> [Problem details]: Repeat every line from the line containing "Chaga Gold 93 Capsule" to the end of the data, exactly. Leave the pictures out.
START Stored data
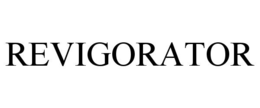 REVIGORATOR trademark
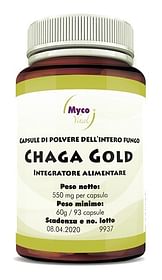 Chaga Gold 93 Capsule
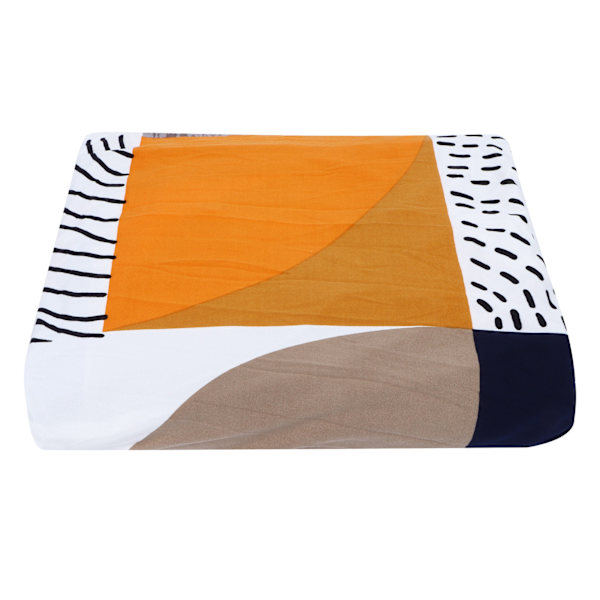 Geometrisk mønster sofaovertrekk stretch slipcover for stue møbler beskytter 2 seter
END Stored data
> [Your response]:
 Chaga Gold 93 Capsule
 Geometrisk mønster sofaovertrekk stretch slipcover for stue møbler beskytter 2 seter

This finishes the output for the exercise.